Service Deployment Troubleshoot

Within this section you will find the common errors you might encounter when deploying your services with Qovery

Generic

Liveness/Readiness failed, connect: connection refused

If you encounter this kind of error on the Liveness and/or Readiness probe during an application deployment phase:

Readiness probe failed: dial tcp 100.64.2.230:80: connect: connection refused
Liveness probe failed: dial tcp 100.64.2.230:80: connect: connection refused

That means your application may not able to start, or has started but takes too many time to start.

Here are the possible reasons for starting issues you should check:

  1. The declared port on Qovery (here 80), does not match your application's opening port. Check your application port, and set the correct port to your application configuration.

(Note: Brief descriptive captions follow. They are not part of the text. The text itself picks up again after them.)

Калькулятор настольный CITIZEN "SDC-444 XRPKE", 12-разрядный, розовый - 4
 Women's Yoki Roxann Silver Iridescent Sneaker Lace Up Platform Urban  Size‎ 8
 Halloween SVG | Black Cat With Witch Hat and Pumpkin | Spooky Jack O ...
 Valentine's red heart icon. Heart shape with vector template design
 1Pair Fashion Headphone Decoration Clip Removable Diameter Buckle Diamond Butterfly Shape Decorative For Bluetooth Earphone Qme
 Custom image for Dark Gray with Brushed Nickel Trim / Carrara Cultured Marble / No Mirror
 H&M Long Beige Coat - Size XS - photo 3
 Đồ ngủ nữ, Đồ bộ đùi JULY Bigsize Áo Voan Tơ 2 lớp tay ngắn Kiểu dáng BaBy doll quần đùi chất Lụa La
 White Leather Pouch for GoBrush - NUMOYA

  2. Ensure your application is not listening onto localhost (127.0.0.1) or a specific IP. But set it to all interfaces (0.0.0.0).

  3. Your application takes too long to start and the liveness probe is flagging your application as unhealthy. Try to increase the Liveness Initial Delay parameter, to inform Kubernetes to delay the time before checking your application availability. Set it for example to 120.

0/x nodes are available: x insufficient cpu/ram

If you encounter this kind of error during an application deployment phase:

0/1 nodes are available: 1 Insufficient cpu (or ram).

That means that we cannot reserve the necessary resources to deploy your application or database on your cluster due to an insufficient amount of CPU or RAM. Moreover, the cluster auto-scaler cannot be triggered since it has already reached the maximum number of instances for your cluster (valid only for Managed Kubernetes clusters).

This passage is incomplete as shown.